Dextrorotatory and levorotatory are a set of two terms that designate the direction polarised light is rotated to by a specific compound. Chiral compounds can be identified as being chiral due to their optical activity only. The optical activity is a physically measurable parameter, determined in polarimeters and calculated to a specific optical activity by dividing by concentration and length of the cuvette. Rotation to the right is indicated by a $(+)$ sign, while rotation to the left is indicated by a $(-)$.
The names dextro- and levorotatory derive from the Latin words dexter (right, as in right hand) and laevus (left, as in left hand).

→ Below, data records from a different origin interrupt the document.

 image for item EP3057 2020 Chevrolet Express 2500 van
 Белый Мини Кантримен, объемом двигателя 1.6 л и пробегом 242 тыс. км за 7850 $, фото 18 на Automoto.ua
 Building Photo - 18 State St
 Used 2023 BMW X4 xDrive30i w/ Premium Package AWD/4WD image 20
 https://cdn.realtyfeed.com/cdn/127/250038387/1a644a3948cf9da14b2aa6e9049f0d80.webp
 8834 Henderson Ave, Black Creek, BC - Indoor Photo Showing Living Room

The D/L-nomenclature is entirely different from the above. While the prefixes D and L also derive from the same Latin words, they are used in a different way. They key to D/L-nomenclature is a Fischer projection. If a chiral molecule is drawn in such a (linear) projection, and the group of the highest priority (typically the group with the highest oxidation state) is at the top, a compound is defined as L if the non-hydrogen atom on the lowest asymmetric carbon of the chain points to the left. Likewise, if it points to the right, a compound is termed D.
From left to right: D-Glyceraldehyde, L-tartaric acid, D-tartaric acid.

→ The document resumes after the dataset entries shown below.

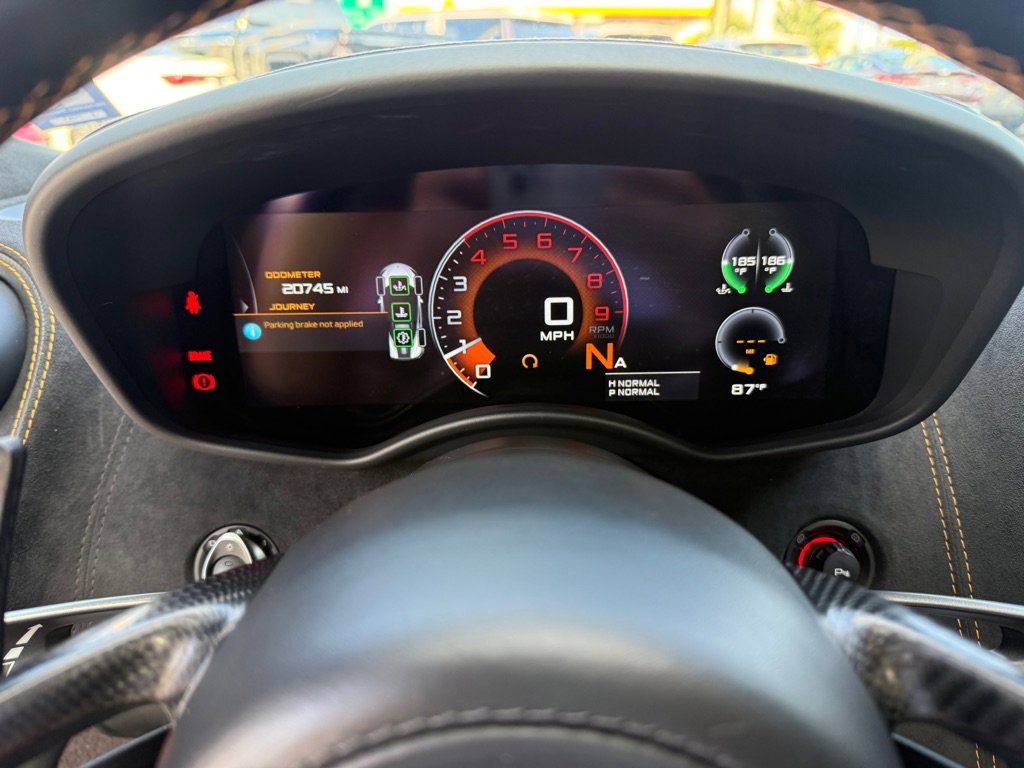 Used 2020 McLaren 570S Spider image 19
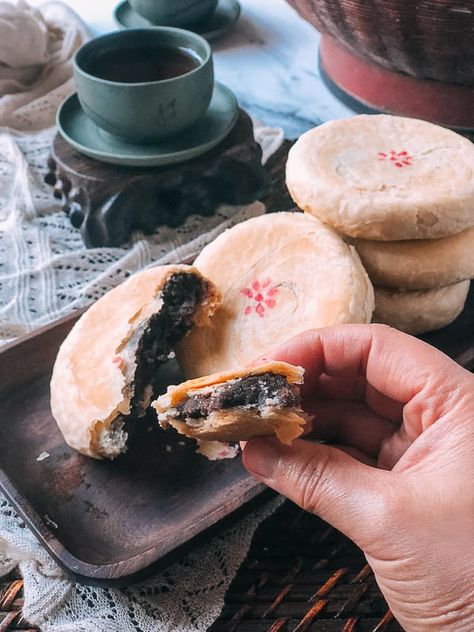 Red Bean Moon Cake, Mooncakes Recipe, Chinese Moon Cake, Mooncake Recipe, Sweet Red Bean Paste, Asian Dessert, Woks Of Life, The Woks Of Life, Moon Cakes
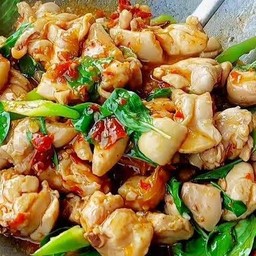 ผัดใบโหระพาราดข้าว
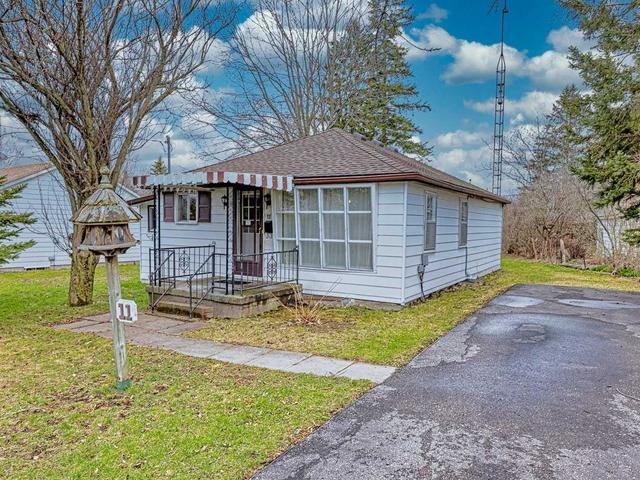 11 Waverley Rd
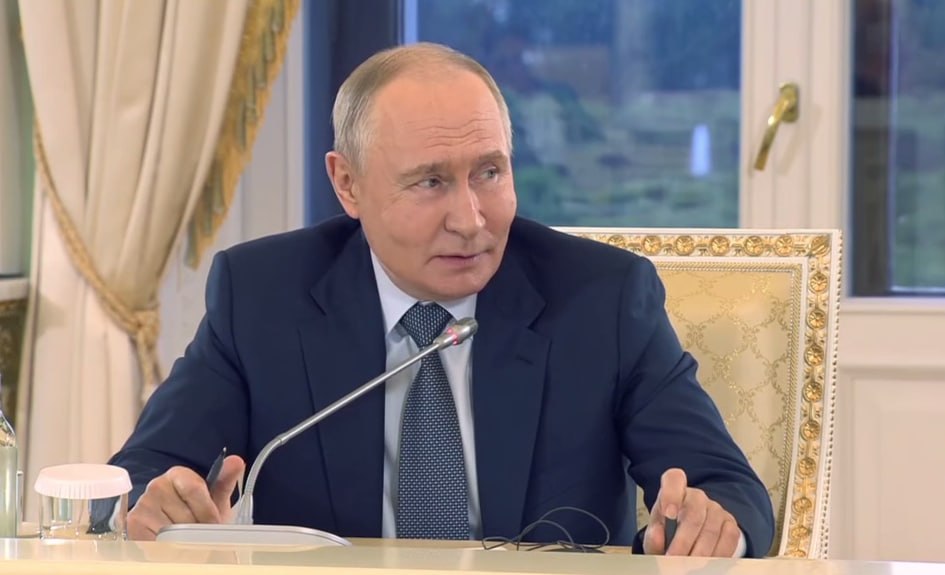 Путин и Зеленский за столом переговоров в Кремле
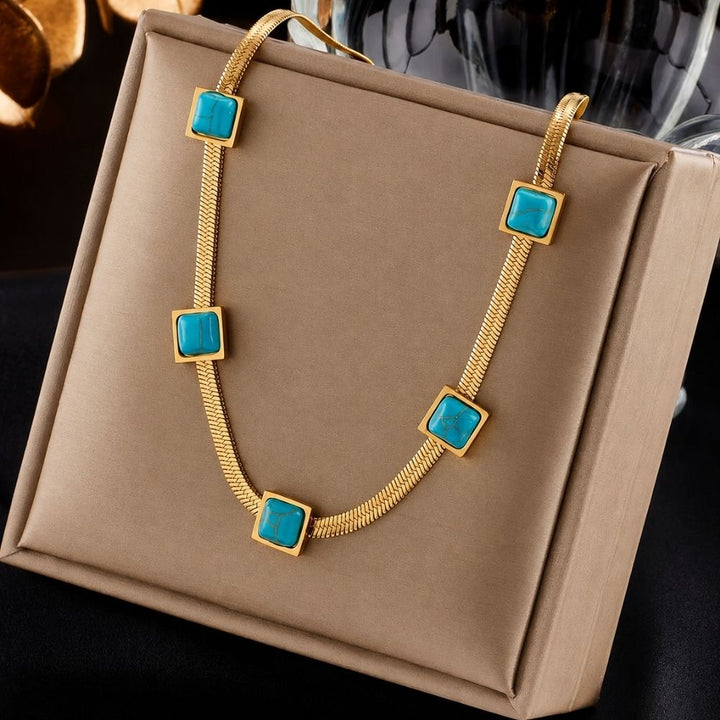 Collar de Oro Costero
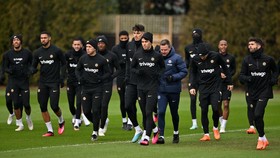 FOTO: Chelsea Harap-harap Cemas Jelang Lawan Dortmund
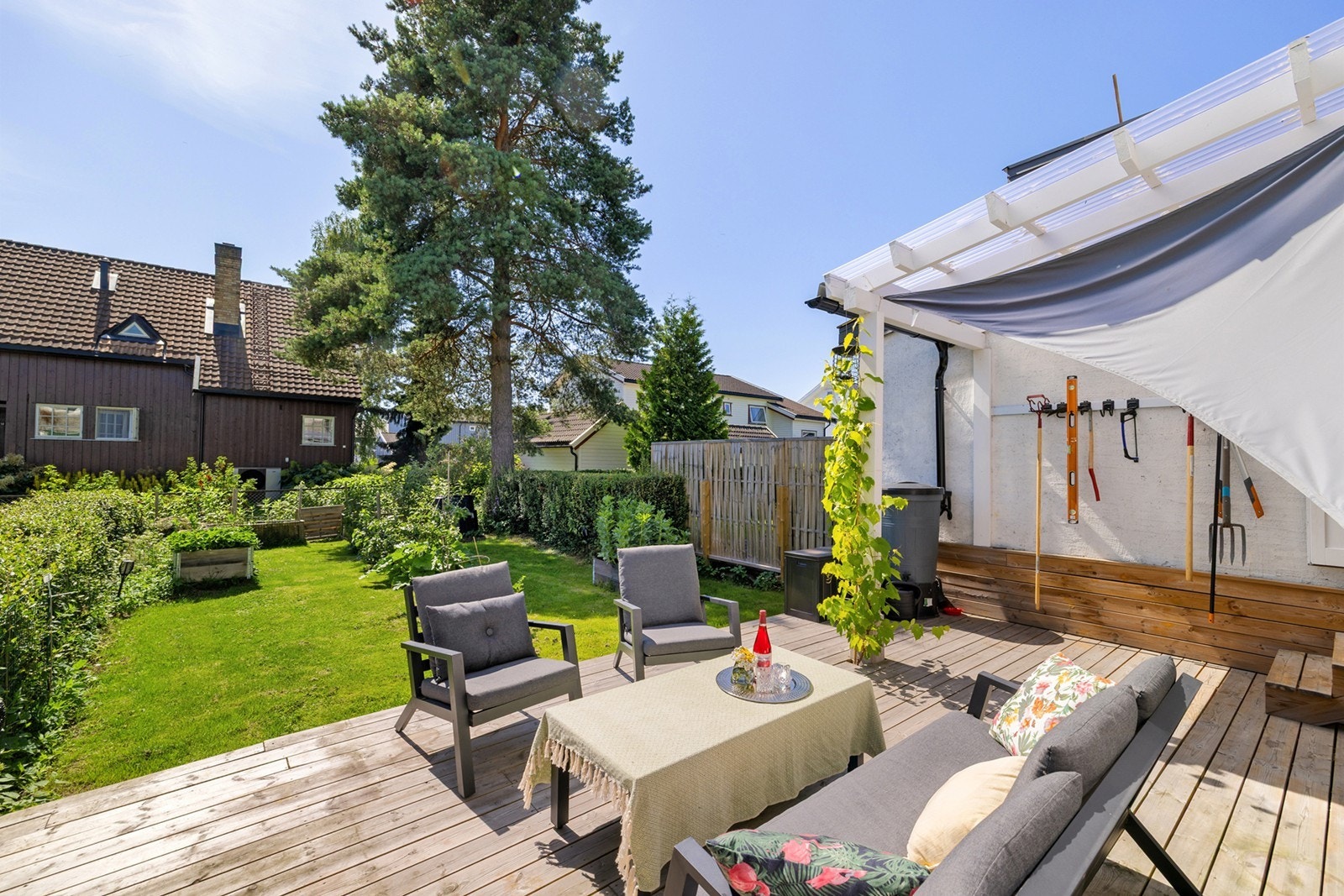 Rekkehuset har gode uteplasser på begge sider, noe som gir deg gode solforhold hele dagen. Galleribilde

It is very important to know that there is no connection between D/L and the direction of rotation of polarised light! Likewise, one cannot deduce the direction of optical activity from knowing whether a compound is (R) or (S). D/L and (R)/(S) can be determined on paper or via crystal structures while $(+)/(-)$ can only be determined experimentally in a polarimeter or similar experiments.
That D-glyceraldehyde is dextrorotatory is a mere (but maybe lucky) coincidence.
Therefore, the correct answers to your given question are (2) (it rotates to the left; $(-)$) and (4) (it relates back to D-Glyceraldehyde).